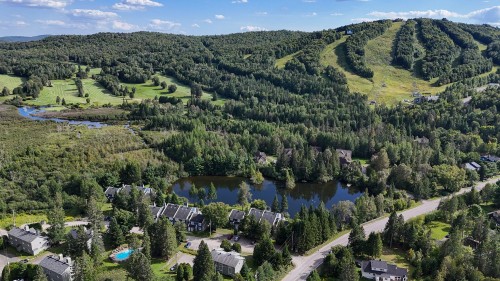 Vue d'ensemble - 222-248 Ch. Du Mont-Loup-Garou, Sainte-Adèle, QC 
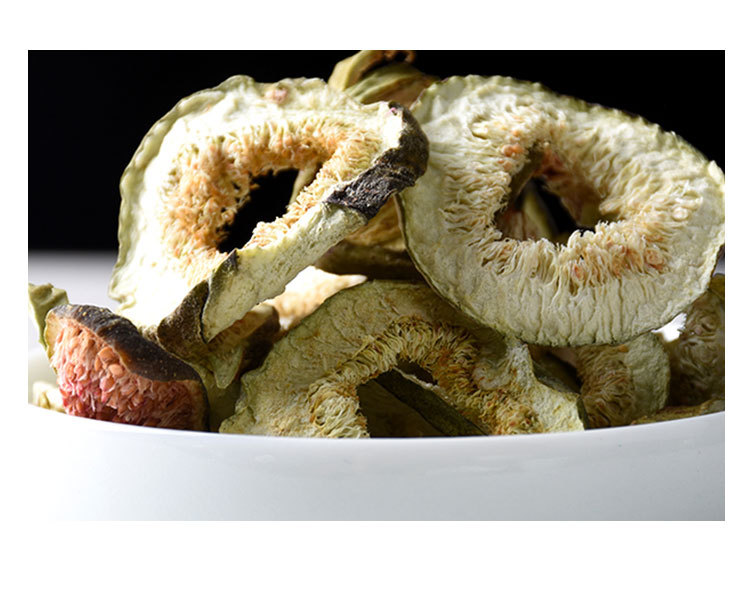 Dried Fig Slices (Ficus carica) — Sulfur-Free Whole Figs for Tea & Daily Nourishment key features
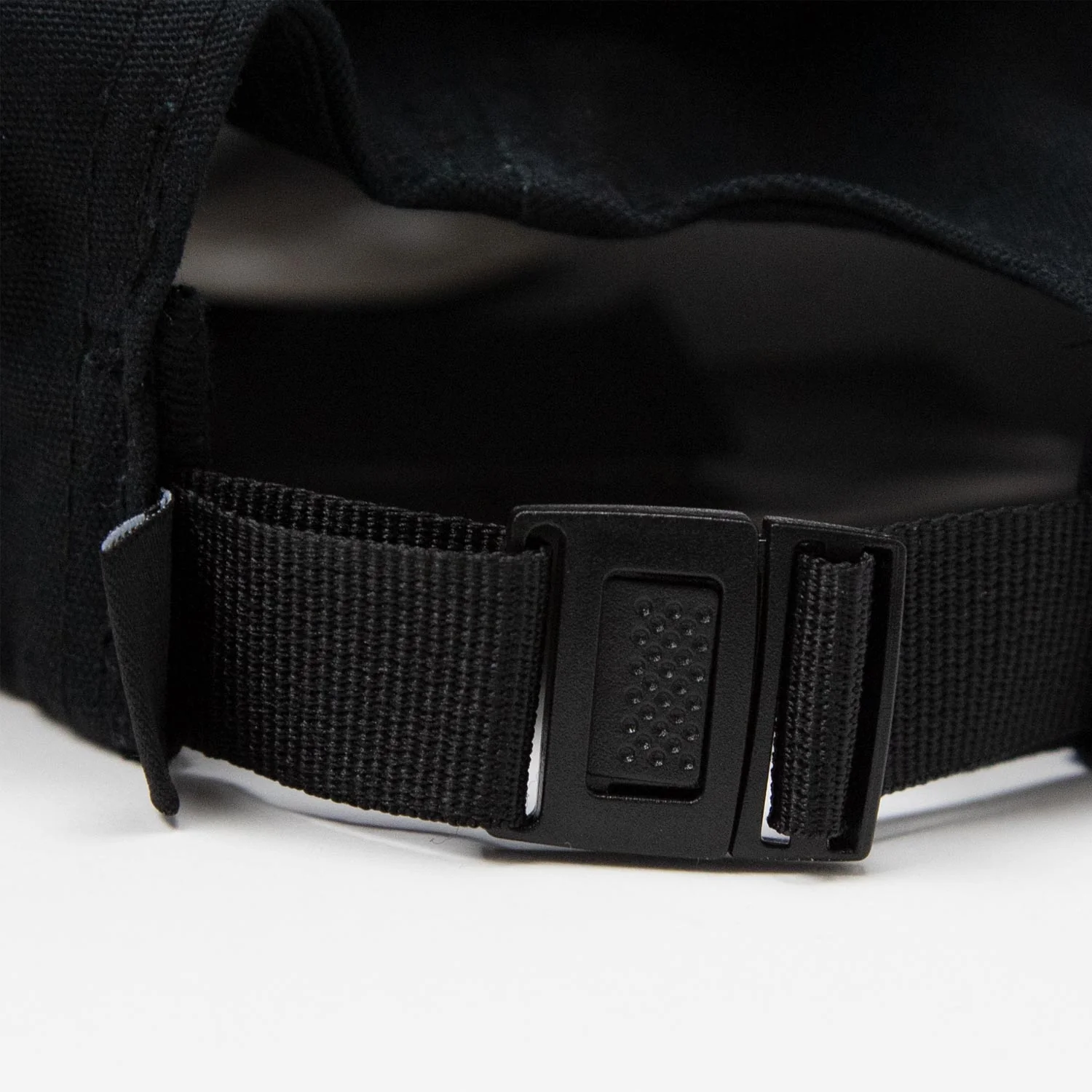 Stone Island 9100013 BASEBALL CAP, Black - Image 3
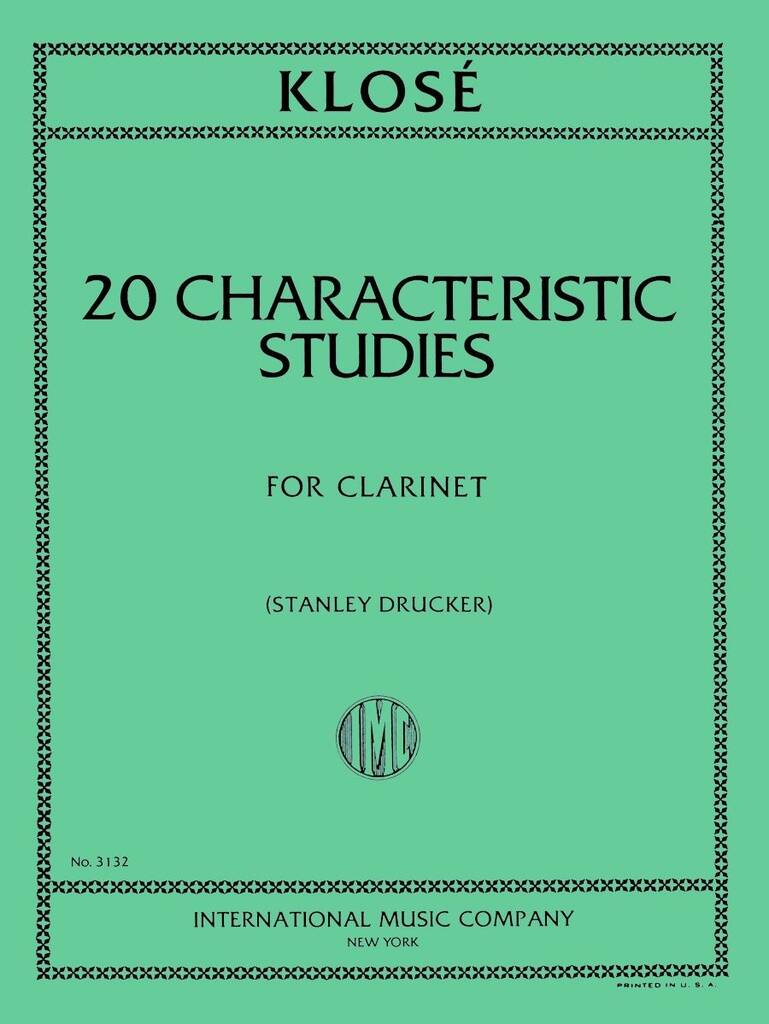 Studi Caratteristici (20)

Description of the task:
Only the lines starting at the one that holds "Dried Fig Slices" and ending at the last line of the data belong in your answer. Please set them down exactly and omit the pictures.

Exercise solution:
 Dried Fig Slices (Ficus carica) — Sulfur-Free Whole Figs for Tea & Daily Nourishment key features
 Stone Island 9100013 BASEBALL CAP, Black - Image 3
 Studi Caratteristici (20)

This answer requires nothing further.